Brief Napa reports: Corison
Corison took me by surprise a bit: it's a smaller operation than I had been expecting, and the wines were made in a style I love: the antithesis of the big, in-yer-face, points chasing excess. Cathy Corison wasn't around (she was in a plane at the time), but I was ably hosted by Maurey Feaver. We tasted and lunched on the balcony of the top floor of the winery, warmed by the late autumn sun, and looking across to the Mayacamas Range and Spring Mountain.
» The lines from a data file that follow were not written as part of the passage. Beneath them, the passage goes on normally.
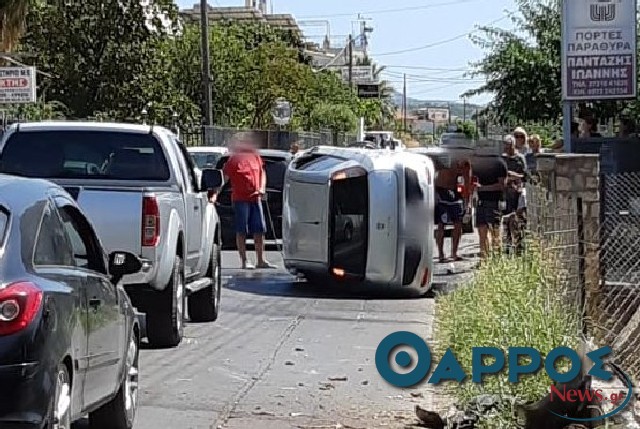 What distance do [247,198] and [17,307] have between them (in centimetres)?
1182

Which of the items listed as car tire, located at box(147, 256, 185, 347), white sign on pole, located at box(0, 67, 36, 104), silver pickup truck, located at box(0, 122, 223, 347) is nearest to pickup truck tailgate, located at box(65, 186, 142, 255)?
silver pickup truck, located at box(0, 122, 223, 347)

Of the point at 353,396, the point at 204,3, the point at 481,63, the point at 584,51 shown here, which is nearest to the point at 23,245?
the point at 353,396

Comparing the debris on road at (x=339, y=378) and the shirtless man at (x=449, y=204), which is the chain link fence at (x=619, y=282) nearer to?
the debris on road at (x=339, y=378)

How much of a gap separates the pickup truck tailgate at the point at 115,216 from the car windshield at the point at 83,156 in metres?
0.89

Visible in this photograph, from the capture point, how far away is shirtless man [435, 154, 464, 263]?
1773 centimetres

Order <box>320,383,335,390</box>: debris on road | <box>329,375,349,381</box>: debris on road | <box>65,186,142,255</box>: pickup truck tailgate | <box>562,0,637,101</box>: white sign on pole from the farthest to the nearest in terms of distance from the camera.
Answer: <box>562,0,637,101</box>: white sign on pole, <box>65,186,142,255</box>: pickup truck tailgate, <box>329,375,349,381</box>: debris on road, <box>320,383,335,390</box>: debris on road

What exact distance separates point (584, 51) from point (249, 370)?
18.6 feet

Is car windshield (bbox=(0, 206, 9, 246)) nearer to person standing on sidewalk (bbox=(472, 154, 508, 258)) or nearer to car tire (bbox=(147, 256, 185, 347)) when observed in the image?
car tire (bbox=(147, 256, 185, 347))

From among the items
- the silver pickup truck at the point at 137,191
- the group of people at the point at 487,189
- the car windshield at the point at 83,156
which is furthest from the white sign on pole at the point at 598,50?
the car windshield at the point at 83,156

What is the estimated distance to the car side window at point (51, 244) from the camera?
20.4 ft

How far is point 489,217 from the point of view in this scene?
663 inches

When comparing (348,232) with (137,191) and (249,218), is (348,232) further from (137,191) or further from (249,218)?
(137,191)

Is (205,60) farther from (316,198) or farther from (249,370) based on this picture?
(249,370)

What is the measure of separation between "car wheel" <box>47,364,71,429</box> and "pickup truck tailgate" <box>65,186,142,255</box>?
13.3 feet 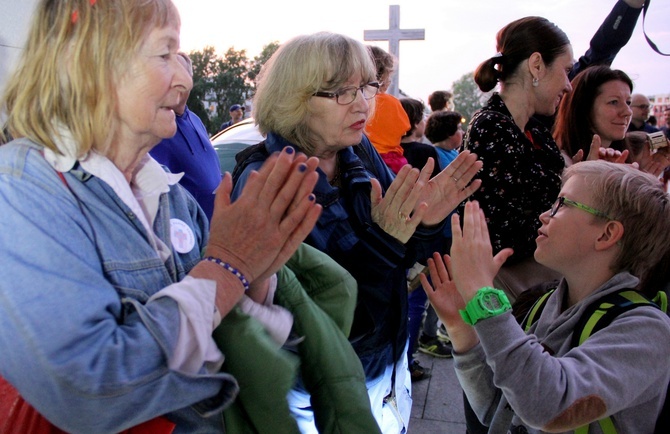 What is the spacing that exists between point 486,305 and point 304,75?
3.25 feet

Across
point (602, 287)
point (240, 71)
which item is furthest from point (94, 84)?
point (240, 71)

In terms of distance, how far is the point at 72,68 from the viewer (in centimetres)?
96

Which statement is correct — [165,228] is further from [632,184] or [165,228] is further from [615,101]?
[615,101]

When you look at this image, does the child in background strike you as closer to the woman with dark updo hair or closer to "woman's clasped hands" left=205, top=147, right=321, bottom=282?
the woman with dark updo hair

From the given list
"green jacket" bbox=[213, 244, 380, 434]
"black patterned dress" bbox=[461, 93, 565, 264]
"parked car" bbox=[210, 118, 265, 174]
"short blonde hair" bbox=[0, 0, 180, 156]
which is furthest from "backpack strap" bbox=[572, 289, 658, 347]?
"parked car" bbox=[210, 118, 265, 174]

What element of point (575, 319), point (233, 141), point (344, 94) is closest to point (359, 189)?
point (344, 94)

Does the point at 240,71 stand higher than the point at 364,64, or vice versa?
the point at 364,64

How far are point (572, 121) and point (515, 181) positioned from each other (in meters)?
0.83

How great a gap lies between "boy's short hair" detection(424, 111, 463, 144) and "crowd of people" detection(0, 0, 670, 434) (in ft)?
10.3

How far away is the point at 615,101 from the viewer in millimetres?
2771

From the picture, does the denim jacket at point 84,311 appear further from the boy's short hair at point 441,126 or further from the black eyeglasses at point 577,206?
the boy's short hair at point 441,126

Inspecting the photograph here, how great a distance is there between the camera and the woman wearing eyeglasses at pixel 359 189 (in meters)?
1.71

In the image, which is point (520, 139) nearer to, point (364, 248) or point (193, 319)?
point (364, 248)

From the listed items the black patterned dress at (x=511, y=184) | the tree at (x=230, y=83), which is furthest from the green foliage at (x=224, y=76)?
the black patterned dress at (x=511, y=184) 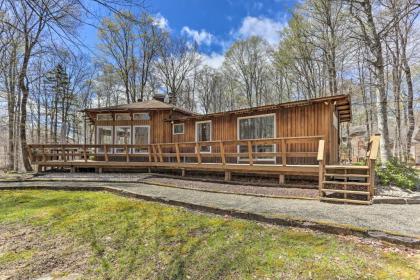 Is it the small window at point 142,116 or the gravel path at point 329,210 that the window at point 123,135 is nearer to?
the small window at point 142,116

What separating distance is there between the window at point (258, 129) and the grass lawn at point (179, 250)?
17.3 ft

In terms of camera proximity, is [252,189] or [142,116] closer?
[252,189]

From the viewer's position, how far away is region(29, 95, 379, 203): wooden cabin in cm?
765

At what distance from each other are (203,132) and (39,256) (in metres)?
9.08

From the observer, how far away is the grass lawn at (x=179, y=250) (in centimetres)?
304

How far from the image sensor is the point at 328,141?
27.0ft

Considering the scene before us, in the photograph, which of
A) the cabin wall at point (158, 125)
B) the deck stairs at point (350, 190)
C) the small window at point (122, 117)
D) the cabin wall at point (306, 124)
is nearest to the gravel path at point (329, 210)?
the deck stairs at point (350, 190)

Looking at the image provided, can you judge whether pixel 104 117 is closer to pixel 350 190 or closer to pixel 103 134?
pixel 103 134

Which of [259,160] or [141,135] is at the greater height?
[141,135]

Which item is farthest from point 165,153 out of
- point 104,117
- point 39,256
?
point 39,256

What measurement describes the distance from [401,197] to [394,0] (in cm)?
769

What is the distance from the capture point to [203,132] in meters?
12.1

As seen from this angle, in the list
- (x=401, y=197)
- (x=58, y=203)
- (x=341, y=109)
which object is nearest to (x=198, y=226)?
(x=58, y=203)

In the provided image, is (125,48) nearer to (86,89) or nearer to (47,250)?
(86,89) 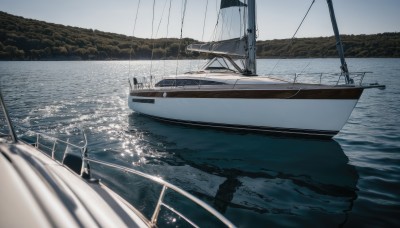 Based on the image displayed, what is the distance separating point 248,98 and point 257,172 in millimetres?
3052

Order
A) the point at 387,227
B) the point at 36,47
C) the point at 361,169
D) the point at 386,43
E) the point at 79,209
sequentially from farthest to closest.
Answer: the point at 386,43
the point at 36,47
the point at 361,169
the point at 387,227
the point at 79,209

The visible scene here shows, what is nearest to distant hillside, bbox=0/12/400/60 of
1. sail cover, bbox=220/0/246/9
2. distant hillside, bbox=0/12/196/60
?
distant hillside, bbox=0/12/196/60

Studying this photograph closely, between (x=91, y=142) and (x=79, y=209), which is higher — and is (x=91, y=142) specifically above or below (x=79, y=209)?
below

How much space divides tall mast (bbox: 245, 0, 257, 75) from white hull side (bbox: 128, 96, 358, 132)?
9.66 ft

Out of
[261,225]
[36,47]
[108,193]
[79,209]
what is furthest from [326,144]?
[36,47]

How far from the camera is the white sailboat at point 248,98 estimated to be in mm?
8523

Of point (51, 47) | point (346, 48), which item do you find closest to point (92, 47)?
point (51, 47)

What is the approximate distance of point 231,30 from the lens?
11883 mm

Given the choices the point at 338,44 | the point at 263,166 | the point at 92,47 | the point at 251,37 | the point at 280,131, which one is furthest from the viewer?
the point at 92,47

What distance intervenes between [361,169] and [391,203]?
1895mm

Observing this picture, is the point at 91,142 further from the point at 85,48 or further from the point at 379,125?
the point at 85,48

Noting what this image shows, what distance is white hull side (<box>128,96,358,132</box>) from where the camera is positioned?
856cm

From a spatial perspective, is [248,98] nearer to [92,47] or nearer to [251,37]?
[251,37]

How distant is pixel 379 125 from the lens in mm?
11359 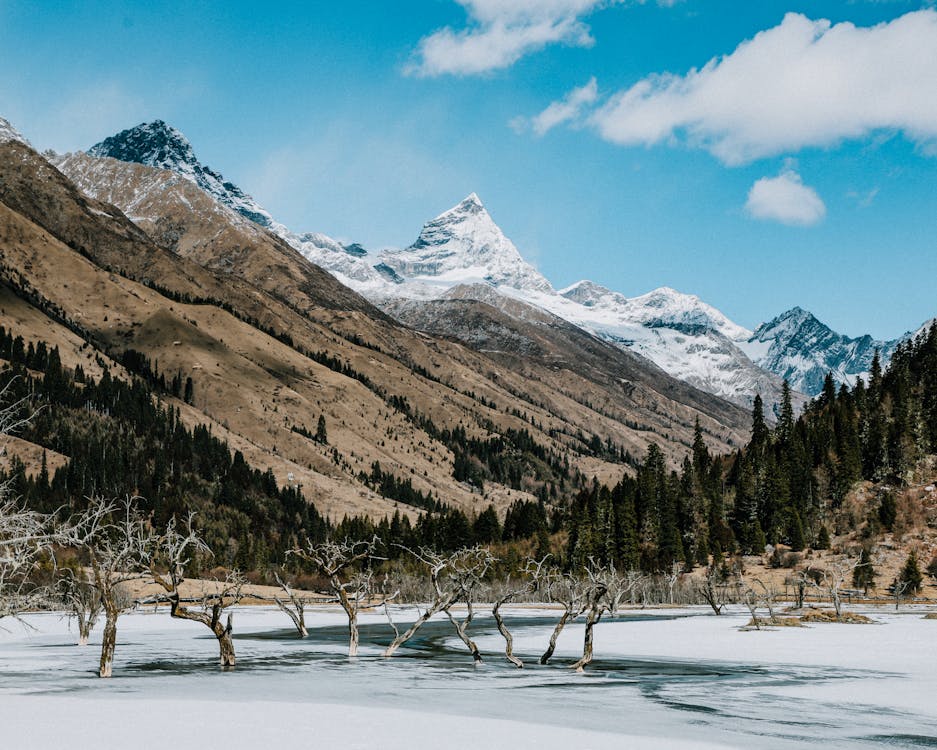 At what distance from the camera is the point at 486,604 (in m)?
171

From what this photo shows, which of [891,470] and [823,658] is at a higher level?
[891,470]

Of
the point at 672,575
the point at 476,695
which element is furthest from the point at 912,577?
the point at 476,695

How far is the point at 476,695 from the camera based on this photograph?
137 feet

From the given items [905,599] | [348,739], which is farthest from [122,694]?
[905,599]

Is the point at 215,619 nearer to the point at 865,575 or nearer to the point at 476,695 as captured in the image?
the point at 476,695

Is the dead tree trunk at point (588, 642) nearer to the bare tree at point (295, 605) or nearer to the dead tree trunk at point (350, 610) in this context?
the dead tree trunk at point (350, 610)

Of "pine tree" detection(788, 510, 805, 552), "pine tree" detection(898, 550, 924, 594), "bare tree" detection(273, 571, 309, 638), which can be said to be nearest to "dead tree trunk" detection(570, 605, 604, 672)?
"bare tree" detection(273, 571, 309, 638)

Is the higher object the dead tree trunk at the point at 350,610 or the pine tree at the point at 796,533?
the pine tree at the point at 796,533

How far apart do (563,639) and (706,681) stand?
3075 centimetres

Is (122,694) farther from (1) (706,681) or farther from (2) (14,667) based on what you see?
(1) (706,681)

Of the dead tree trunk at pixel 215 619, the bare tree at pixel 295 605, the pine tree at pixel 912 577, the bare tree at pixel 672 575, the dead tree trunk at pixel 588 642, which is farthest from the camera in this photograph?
the bare tree at pixel 672 575

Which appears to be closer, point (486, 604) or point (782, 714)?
point (782, 714)

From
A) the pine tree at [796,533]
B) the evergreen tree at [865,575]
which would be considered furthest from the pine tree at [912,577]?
the pine tree at [796,533]

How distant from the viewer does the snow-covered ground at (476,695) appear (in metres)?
31.0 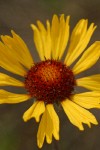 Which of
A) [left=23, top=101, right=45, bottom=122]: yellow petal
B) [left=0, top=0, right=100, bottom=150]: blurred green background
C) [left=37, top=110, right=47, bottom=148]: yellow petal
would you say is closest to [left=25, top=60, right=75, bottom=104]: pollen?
[left=23, top=101, right=45, bottom=122]: yellow petal

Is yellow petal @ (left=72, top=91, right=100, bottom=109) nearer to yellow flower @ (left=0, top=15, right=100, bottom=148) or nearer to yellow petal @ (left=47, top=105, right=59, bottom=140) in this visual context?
yellow flower @ (left=0, top=15, right=100, bottom=148)

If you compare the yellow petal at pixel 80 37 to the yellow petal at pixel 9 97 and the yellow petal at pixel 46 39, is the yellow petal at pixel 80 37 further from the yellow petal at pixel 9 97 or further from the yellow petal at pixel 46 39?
the yellow petal at pixel 9 97

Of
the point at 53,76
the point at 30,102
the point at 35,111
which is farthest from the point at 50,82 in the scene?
the point at 30,102

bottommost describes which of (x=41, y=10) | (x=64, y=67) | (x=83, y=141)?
(x=83, y=141)

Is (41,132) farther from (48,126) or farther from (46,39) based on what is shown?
(46,39)

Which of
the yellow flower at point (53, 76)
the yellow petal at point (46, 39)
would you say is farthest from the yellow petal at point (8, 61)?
the yellow petal at point (46, 39)

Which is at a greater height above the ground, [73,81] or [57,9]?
[57,9]

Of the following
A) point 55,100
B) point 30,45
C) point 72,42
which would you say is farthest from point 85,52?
point 30,45

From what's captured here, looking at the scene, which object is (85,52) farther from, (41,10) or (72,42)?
(41,10) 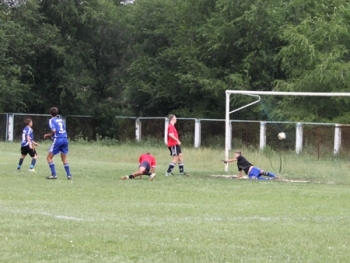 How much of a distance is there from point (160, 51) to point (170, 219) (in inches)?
1759

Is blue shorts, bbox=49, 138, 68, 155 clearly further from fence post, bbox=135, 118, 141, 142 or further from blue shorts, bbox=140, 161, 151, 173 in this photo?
fence post, bbox=135, 118, 141, 142

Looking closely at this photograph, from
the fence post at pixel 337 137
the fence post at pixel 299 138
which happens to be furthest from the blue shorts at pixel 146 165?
the fence post at pixel 337 137

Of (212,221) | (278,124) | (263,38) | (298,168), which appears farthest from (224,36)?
(212,221)

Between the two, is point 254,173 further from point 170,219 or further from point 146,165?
point 170,219

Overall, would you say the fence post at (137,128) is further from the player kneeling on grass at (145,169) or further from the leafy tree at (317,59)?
the player kneeling on grass at (145,169)

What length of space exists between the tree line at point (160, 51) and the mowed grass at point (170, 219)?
26.3 metres

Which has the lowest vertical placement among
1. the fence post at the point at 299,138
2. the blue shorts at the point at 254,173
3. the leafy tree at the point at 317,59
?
the blue shorts at the point at 254,173

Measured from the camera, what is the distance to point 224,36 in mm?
50250

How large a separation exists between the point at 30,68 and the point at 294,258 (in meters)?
44.4

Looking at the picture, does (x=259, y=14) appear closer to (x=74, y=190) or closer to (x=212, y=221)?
(x=74, y=190)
Cathy chooses to make the wines in a more restrained, ageworthy style than many here. She picks a little earlier, and so doesn't have to add acid. As well as coming from the Kronos vineyard around the winery, grapes are sourced from other vineyards from this west side of the valley floor, plus some mountain fruit.
A vertical of Corison Cabernet Sauvignon from 1998-2002 showed how well these wines age. Indeed, they positively need age: the current release 2006 is tight, tannic and brooding, only hinting at what is to come. They are fantastic, pure, structured, ageworthy wines, and with the library releases the same price as the current release ($70), I'd suggest that the remaining bottles of 1998 are one of the Valley's great bargains.
The temptation for writers is sometime to praise certain wines for what they are not. In this case, I'd reassure you I'm not just plugging Corison because the wines are not made in the big point-chasing spoofulated style, but because they actually have complexity and character as well as restraint.